Help needed with OM-D and flash

Discussion in 'Olympus Cameras' started by Kevmaughan, Jun 12, 2012.

  1. Kevmaughan

    Kevmaughan Mu-43 Regular

    Dec 26, 2011
    I am having trouble with underexposed shots using my OM-D and the Fl600. With my canon ttl, I can shoot with flash (in ttl mode) and camera in manual and if I am underexposed, the flash will boost output to create a well exposed shot. With the OM-d and fl600, I don't see the same results. The flash is firing but doesn't seem to add much light to the exposure. I am using the Olympus flash bracket and a lightbender but these type of gizmos didn't seem to hinder the canon ttl setup.
    Could somebody help me figure this out so I don't have to resort to aperture mode or manual flash when I'm trying to take indoor shots of my kids
  2. dre_tech

    dre_tech Mu-43 Veteran

    Jan 31, 2012
    Can you get a decent exposure in Aperture Priority? I presume the flash is in TTL...

    What kind of exposure do you have dialed in while in M? I assume you're at ISO200, what SS and aperture? I don't imagine that indoors you could set the exposure to allow so little light that not even 1/1 flash power would expose ok.

    If I understand correctly, you want to underexpose the shot throughout and then use the flash to light it up as TTL sees fit.
  3. Kevmaughan

    Kevmaughan Mu-43 Regular

    Dec 26, 2011
    Typically I use a 1/60 or 1/80th shutter and aperture around f2-f4 depending on the DOF I need. ISO is usually kept between 800-3200.
    My experience with the canon ttl was quite easy in that even if I was showing 2-3 stops of underexposure, the flash would make up the difference. The FL600 flash has the power to do this in a fairly small room, but I am needing a pretty big bump in exposure using LR4.1 (.5-1.5 stops).
    With the canon ttl system you can independently change the flash metering from evaluative to averaging which helps indoors. I do not see a similar option on the Om-d.
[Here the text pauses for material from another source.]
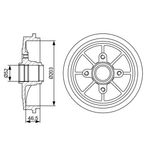 Bosch 2x Brake Drums (Pair) Rear 0986477126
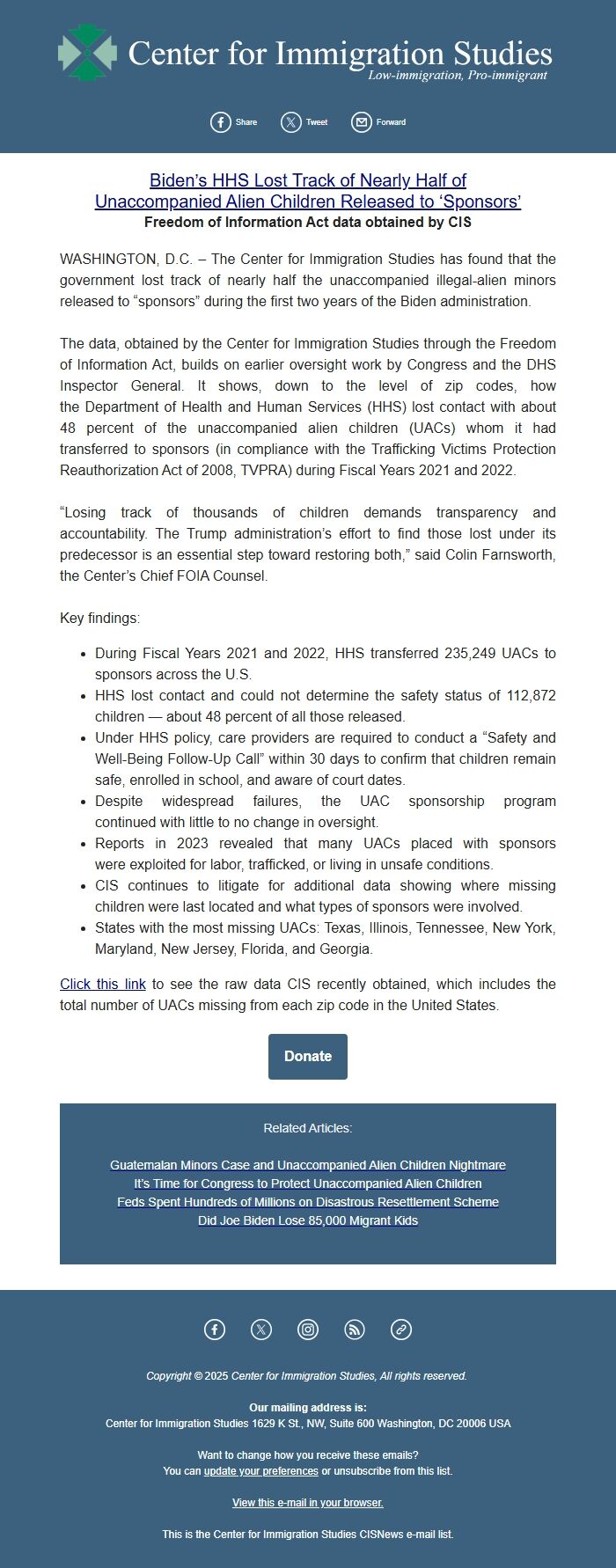 Screenshot of the email generated on import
    Ill fiddle around some more and see if I can figure this out.
  4. Sammyboy

    Sammyboy m43 Pro

    Oct 26, 2010
    Steeler Country
    You can do the same with the Olympus RC flash system. Both flash and bodies have +/- compensation, by doing a little experimenting, you will find the settings that suit your needs and give you the results you desire.
  5. ckrueger

    ckrueger Mu-43 Veteran

    Jul 16, 2011
    I shoot my Oly FL36R in TTL the same way I shoot my Canon 580EX in ETTL; it performs the same way, at least in M mode.

    So it sounds like you're saying adjusting FEC on your FL600R isn't affecting overall exposure?

    If you were shooting in a typical indoor scene at 1/80, f/4, ISO800 and the camera's meter tells you that you're 3 stops underexposed, does the flash fill in the remaining exposure to properly expose? If the photo is underexposed, does adding FEC make the picture brighter at all?

    If not, I see a few possibilities:

    1) Are you outside the bounds of what can be properly lit? Is the flash firing very near its minimum or maximum power? You're shooting at ISO800, so maybe try a lower ISO in case you're very near ambient exposure already and the flash can't fire briefly enough to avoid over-lighting the scene?

    2) Is your flash modifier monkeying things up? Try shooting without it and shoot at a white ceiling indoors.

    3) Are you sure the camera is in TTL mode? I own an FL36, not an FL600R, but check to make sure you aren't in "AUTO" mode (which is metered by thyristor and could easily be affected by your flash modifier blocking it).

    4) Are you adjusting EC instead of FEC?

    Just some ideas. I don't know what the problem you're having is, but I'm not familiar with the FL600R. I shoot my OMD and FL36R at 1/160sec, f/5.6, ISO200 and I get great exposures just by tweaking FEC, just like my Canon setup.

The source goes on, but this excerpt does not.